In [1]:
import random
import numpy as np
import pandas as pd
import matplotlib.pyplot as plt
import seaborn as sns
from pathlib import Path
from itertools import product
from concurrent.futures import ThreadPoolExecutor, as_completed
import threading
from var import rsa_lib

sns.set_style('whitegrid')

# Get number of available CPU cores (for thread pool size)
import os
N_WORKERS = os.cpu_count() or 4
print(f"Using {N_WORKERS} parallel workers")

Using 10 parallel workers


## Load Test Cases

In [2]:
# Load multiple encrypted texts for cross-validation
test_cases = []
var_path = Path('var')

for i in range(1, 9):  # Load variants 1-8
    file_path = var_path / f'{i}_encrypted_text.txt'
    if file_path.exists():
        with open(file_path, 'r') as f:
            lines = f.readlines()
            # Parse the file format:
            # Line 0: len of text: <number>
            # Line 1: [encrypted array]
            # Line 2: public key:<number>
            # Line 3: n:<number>
            ciphertext_line = lines[1].strip()
            ciphertext = eval(ciphertext_line)
            test_cases.append({
                'id': i,
                'ciphertext': ciphertext,
                'length': len(ciphertext)
            })

print(f"Loaded {len(test_cases)} test cases")
for tc in test_cases:
    print(f"  Case {tc['id']}: length={tc['length']}")

Loaded 8 test cases
  Case 1: length=24
  Case 2: length=41
  Case 3: length=43
  Case 4: length=40
  Case 5: length=38
  Case 6: length=35
  Case 7: length=43
  Case 8: length=42


In [3]:
# RSA parameters
public_key = 65537
n = 33227
ALPHABET = "abcdefghijklmnopqrstuvwxyzABCDEFGHIJKLMNOPQRSTUVWXYZ, "
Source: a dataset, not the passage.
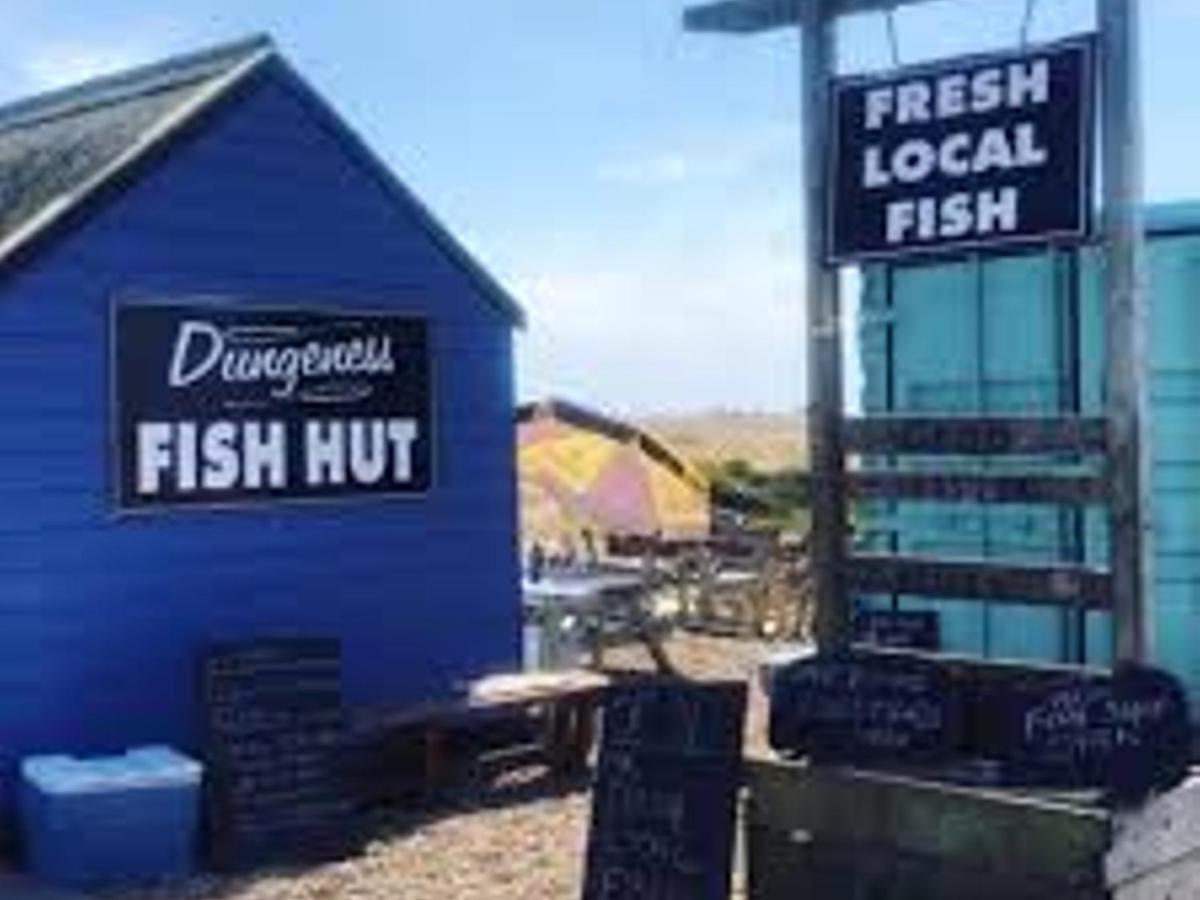 Pass The Keys Fabulous Beach Front Holiday Location Lydd Екстер'єр фото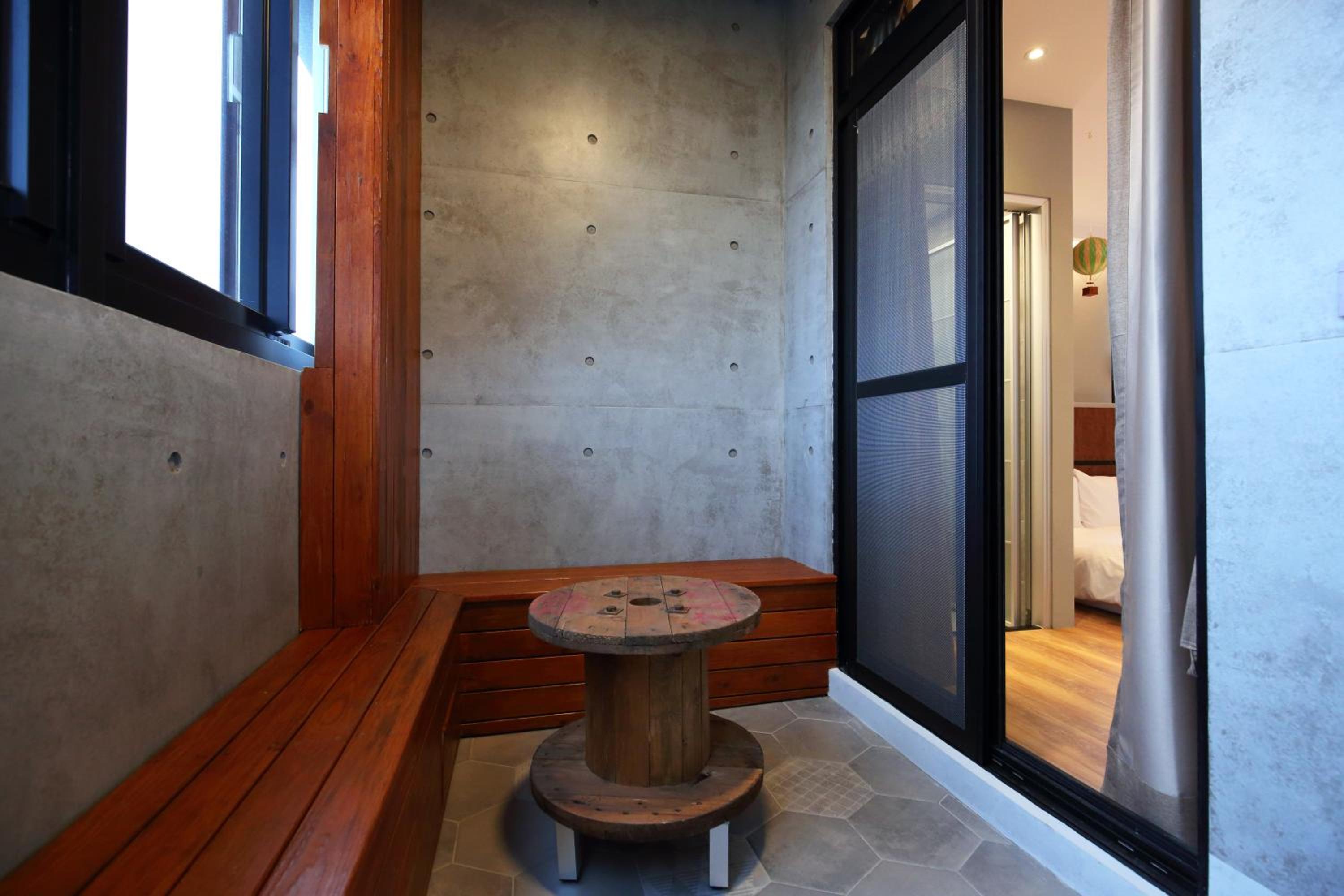 MIDORI Hostel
## GA Implementation Functions

In [4]:
def random_char(alphabet):
    return random.choice(alphabet)

def random_text(length, alphabet):
    return "".join(random_char(alphabet) for _ in range(length))

def encrypt_candidate(text, public_key, n):
    return rsa_lib.encrypt_text(text, public_key, n)

def error_P(candidate_text, target_cipher, public_key, n):
    cand_cipher = encrypt_candidate(candidate_text, public_key, n)
    L = min(len(cand_cipher), len(target_cipher))
    s = sum((cand_cipher[i] - target_cipher[i]) ** 2 for i in range(L))
    return s / L

def fitness(candidate_text, target_cipher, public_key, n):
    P = error_P(candidate_text, target_cipher, public_key, n)
    return 1.0 / (1.0 + P)

def tournament_select(population, fitnesses, tournament_size):
    selected_idx = random.randrange(len(population))
    for _ in range(tournament_size - 1):
        i = random.randrange(len(population))
        if fitnesses[i] > fitnesses[selected_idx]:
            selected_idx = i
    return population[selected_idx]

def one_point_crossover(parent1, parent2):
    L = len(parent1)
    if L < 2:
        return parent1, parent2
    cut = random.randint(1, L - 1)
    child1 = parent1[:cut] + parent2[cut:]
    child2 = parent2[:cut] + parent1[cut:]
    return child1, child2

def mutate(text, mutation_rate, alphabet):
    text_list = list(text)
    for i in range(len(text_list)):
        if random.random() < mutation_rate:
            text_list[i] = random_char(alphabet)
    return "".join(text_list)

In [5]:
def run_ga(target_cipher, text_length, pop_size, mutation_rate, crossover_rate, 
           tournament_size, elite_count, max_generations=2000, target_error=0.0,
           stagnation_limit=100, verbose=True):
    """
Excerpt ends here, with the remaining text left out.